Having busied myself with some «Irene»-trivia lately, more questions arose. For example, you’ll notice that the «Irene»-version 44-A is almost five minutes long while the maximum play length of a commercial shellac 78 was around three minutes. The «Irene»-version 44-B, then, lasts only about 2 minutes and features only one additional verse – verse 7 if you reconstruct 44-A and 44-B-1 as a supposedly continuous version. This is almost the same verse-structure (with seven verses total) that shows up if you reconstruct the «Irene»-versions 124-A-2 and 124-B-1 as a continuous version, compare my harmonization of «Irene»-versions.
Anyway, how do the field recordings by John and Alan Lomax account for the longer running time of tracks than a commercial 78 could hold?

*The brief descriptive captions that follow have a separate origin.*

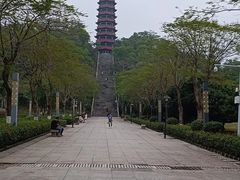 -红花山公园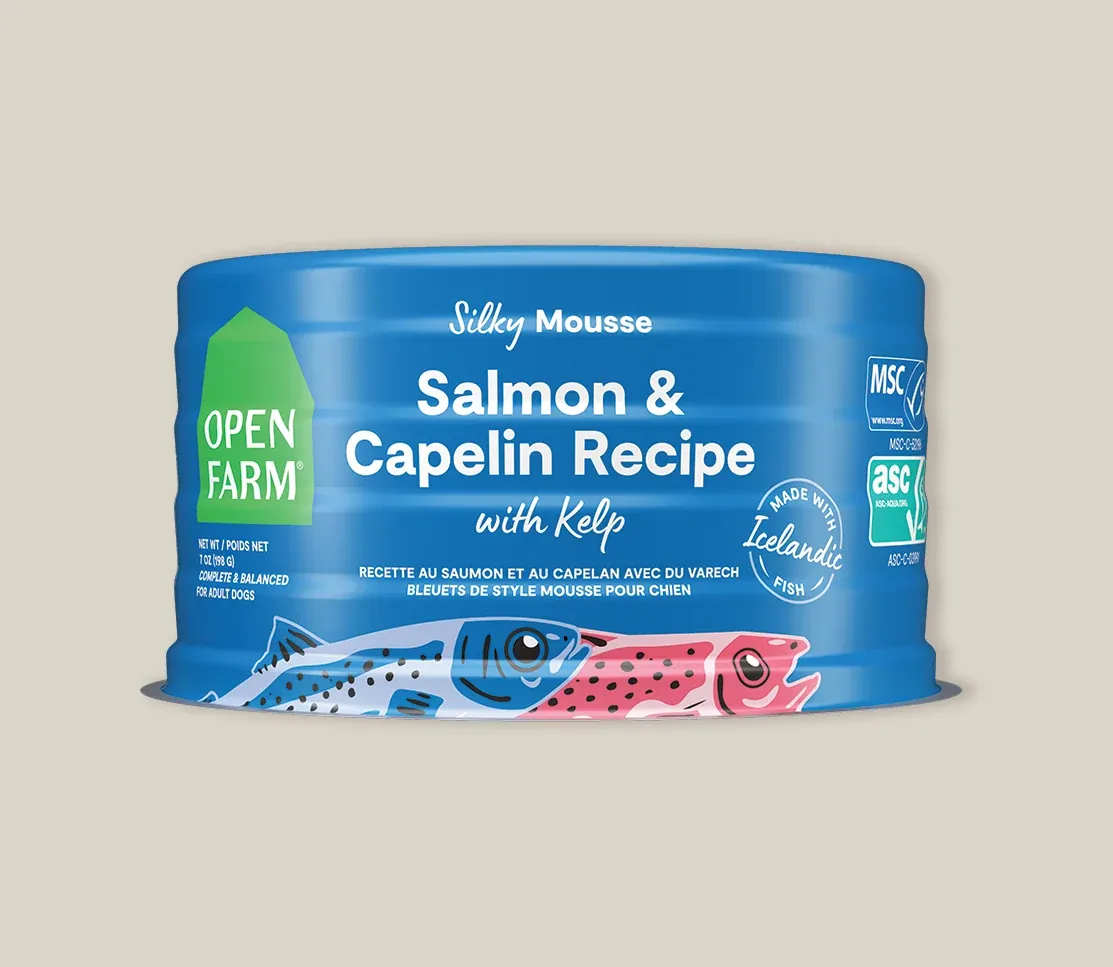 Icelandic Salmon &amp; Capelin Wet Food for Dogs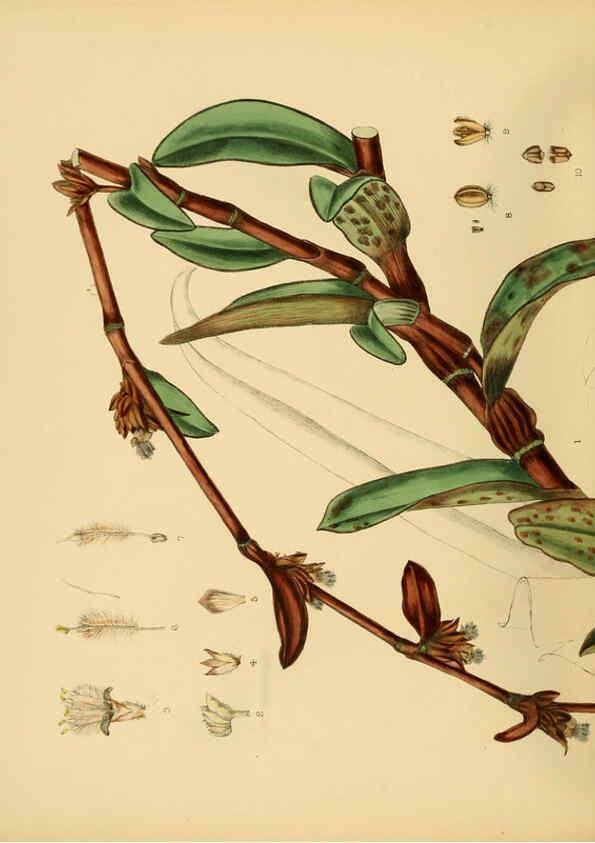 Reproducción/Reproduction 6430664703: A hand-book to the flora of Ceylon. atlas. London :Dulau,1893-1931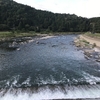 長良川郡上釣行 お盆
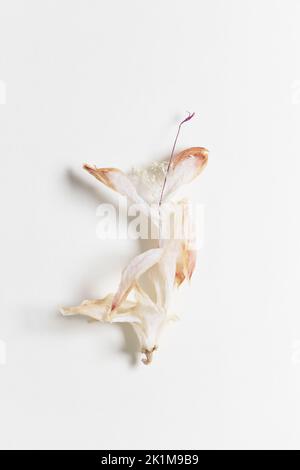 A dry, delicate flower on a white bakcground. Stock Photo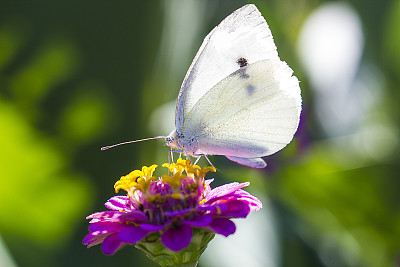 pieris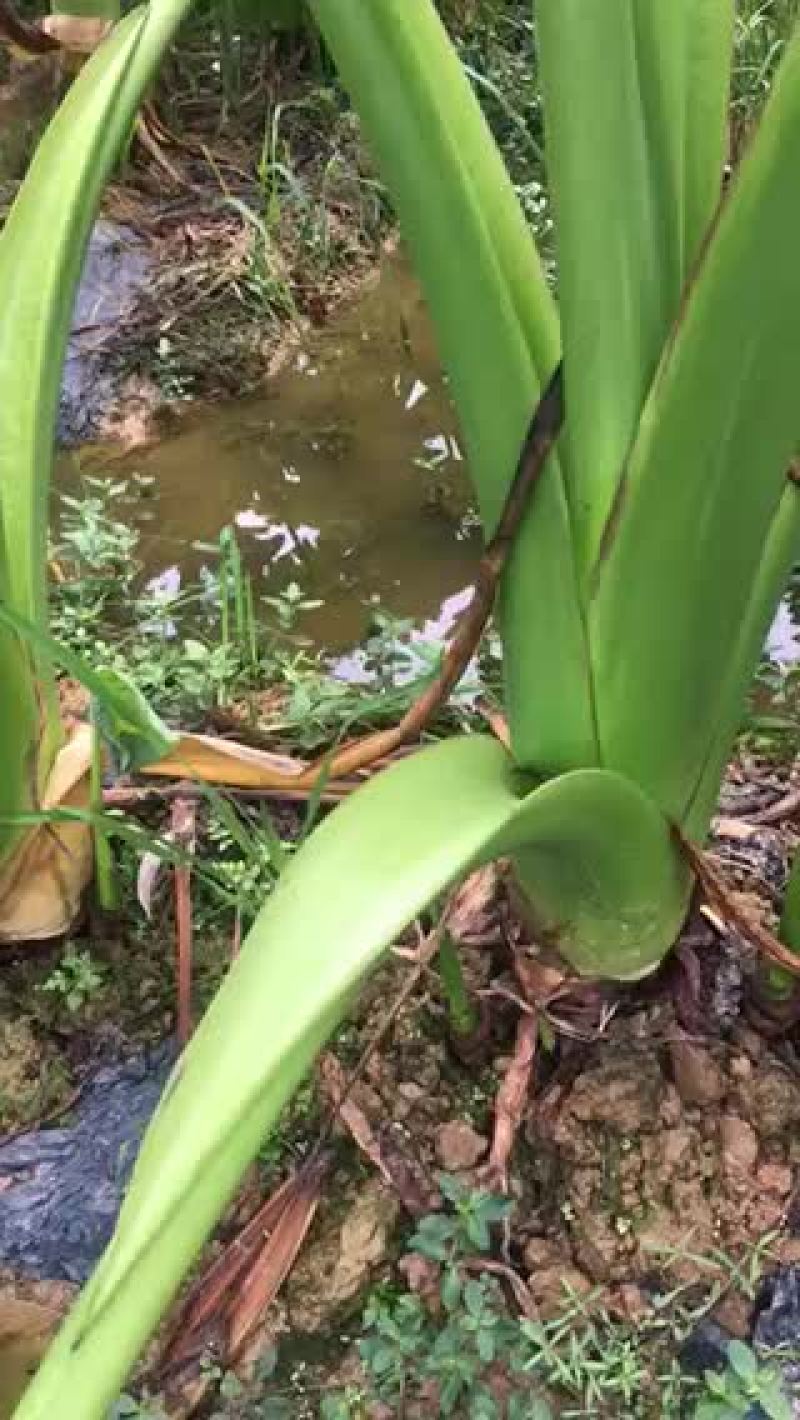 大量收购芋头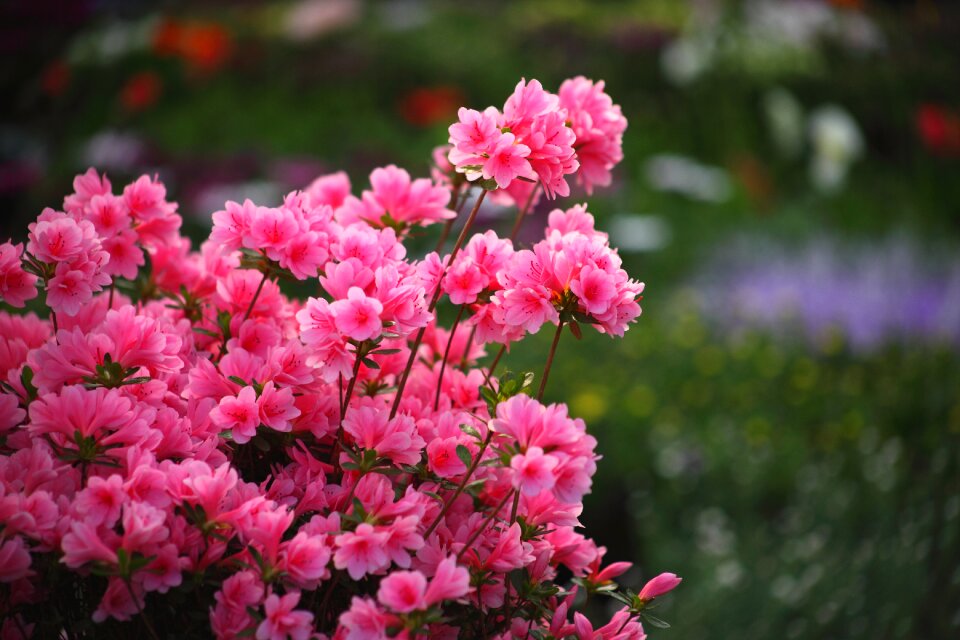 Republic of korea flower still life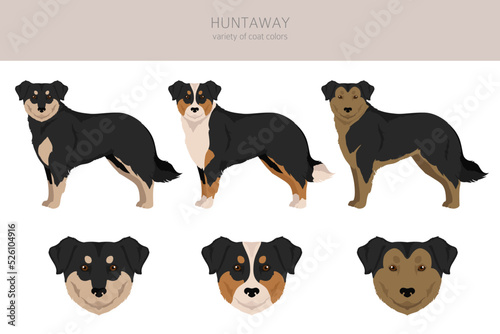 Huntaway dog clipart. Different poses, coat colors set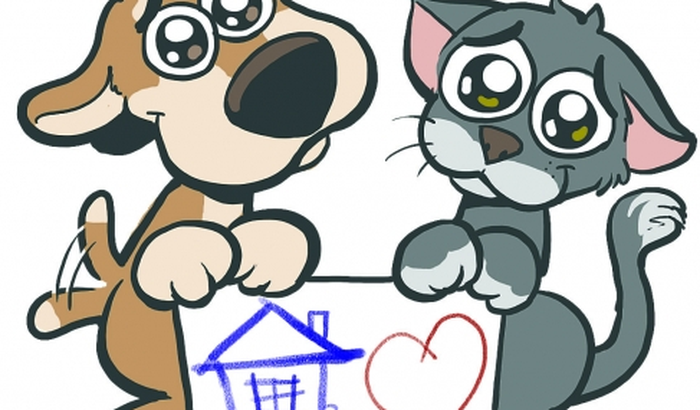Animais Resgatados - Lar Temporário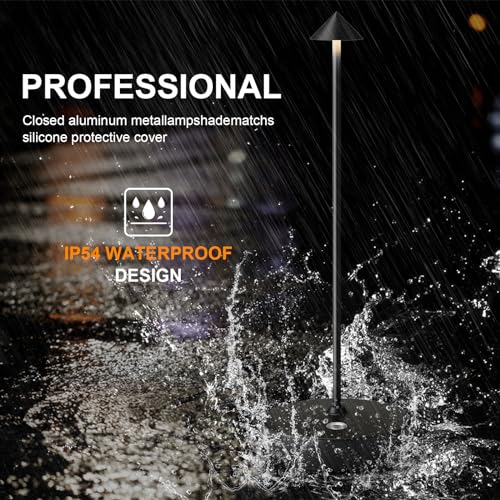 Rechargeable Cordless Table Lamp, Portable Powered LED Battery 6000mAh Metal USB Desk Lamp, 3 Levels Brightness Light for Restaurants Outdoor (Black) - color: Black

The recording device and recording discs
It is true for commercial shellac 78rpms (10-inch) meant for replayat home that they only held about 3 minutes of music. Different discs were used for field recordings. John and Alan Lomax were supplied by the Library of Congress with a state of the art recording device, a «Presto» – this was a big machine that made electrically enhanced direct-to-disc recordings on aluminum discs and ,later, aluminum discs with a lacquer coating. These are called «aluminum discs» and «lacquer discs» usually, the latter most often referred to as «acetate discs» – which is materially speaking wrong, they were not made of acetate. While different explanations exist, it remains unclear how this factually wrong manner of naming them developed, but «acetate disc» is the most common name in popular contexts nowadays.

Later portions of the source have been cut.